# Proving ethnic/racial background for CS preference.



## BrickCop (Dec 23, 2004)

I've always been curious about how HRD or an appointing agency verifies that an applicant is truly the race/ethnicity they claim to be. 

What if an applicant's father was white and his mother was 1/2 African American? Do they use even the 'African American' designation on the CS applications? If so would a black applicant from Jamaica get minority preference?

What about a guy with a Spanish sounding surname- is that good enough to get minority status as hispanic?

Where do they draw the line/distinction?


----------



## Macop (May 2, 2002)

Interesting question, but uh oh, here we go.


----------



## OutOfManyOne (Mar 2, 2006)

I know that in order to claim hispanic per civil service rules and regulations following the Castro decision,you have to be brought up in a spanish speaking household or born in a hiospanic country, Spain doesn't count and yes you have to be fluent. If your mother is african american then you qualify for african american, i know a kid who did it and got on.


----------



## Guest (Jul 17, 2007)

OutOfManyOne said:


> I know that in order to claim hispanic per civil service rules and regulations following the Castro decision,you have to be brought up in a spanish speaking household or born in a hiospanic country, Spain doesn't count and yes you have to be fluent. If your mother is african american then you qualify for african american, i know a kid who did it and got on.


The term "Hispanic" is derived from the ancient name of Hispania, which is the Iberian Peninsula. The Iberian Peninsula consists of Spain and Portugal, but if you're Spanish or Portuguese, CS doesn't consider you Hispanic. 

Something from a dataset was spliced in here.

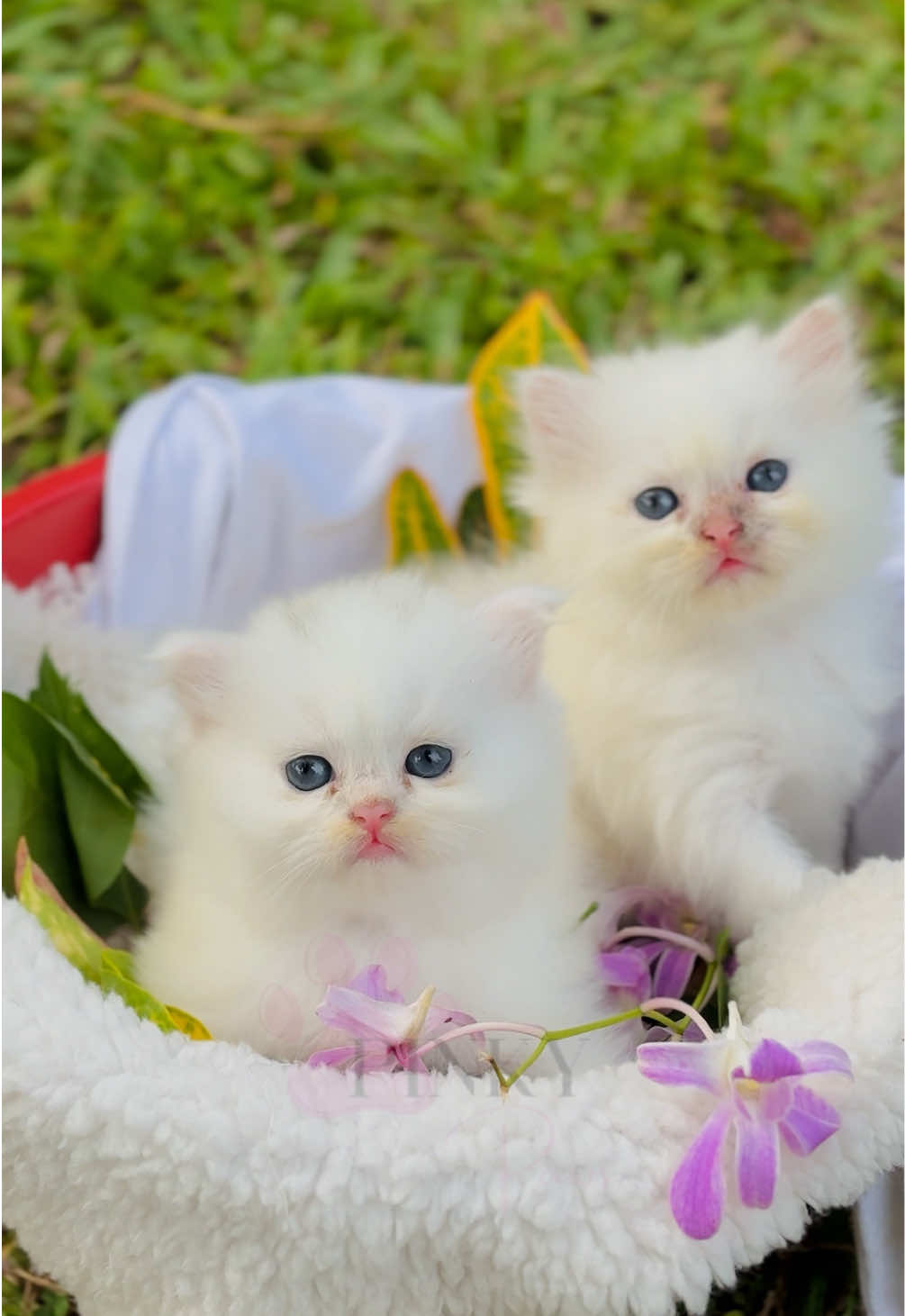 @Pinky Paws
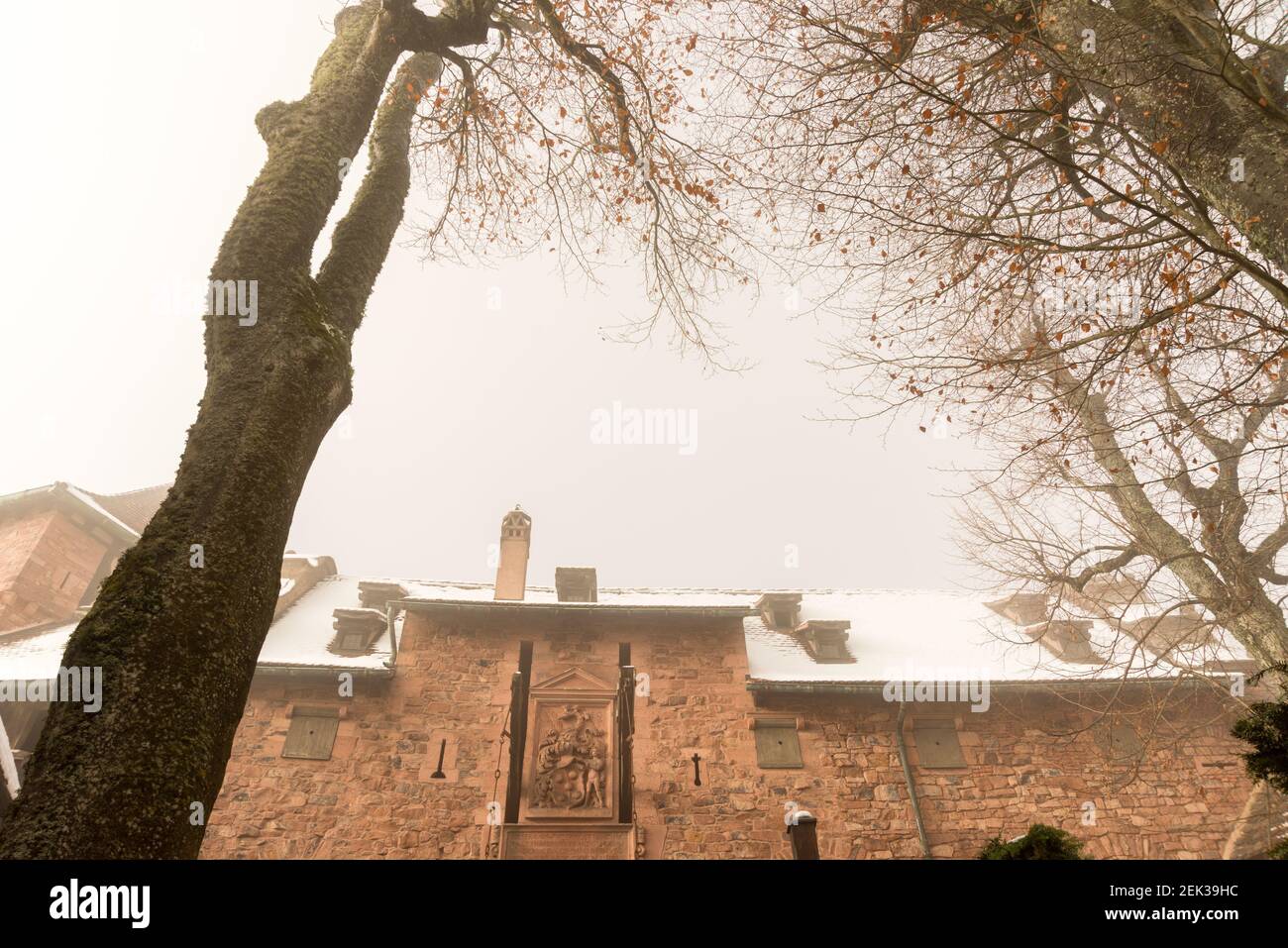 Enceinte du château du Haut-Koenigsbourg, dans la brume hivernale, Alsace, France Banque D'Images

My question is.....what about a white guy born and raised in South Africa, then becomes a US Citizen. Isn't he truly an "African-American"?


----------



## JLT770 (Jun 7, 2007)

well being Native American, which is what i checked in the box for the CS exam, i have a document from the state that officially states that i am a Miq'mak Indian, i can't speak for others.


----------



## Guest (Jul 17, 2007)

FedUp said:


> No. They go by your "nationality origin".


Using that logic, I should be a Scottish citizen.


----------



## PBC FL Cop (Oct 22, 2003)

African American is considered a race more than a nationality, seeing how Africa is a continent, not a country.


----------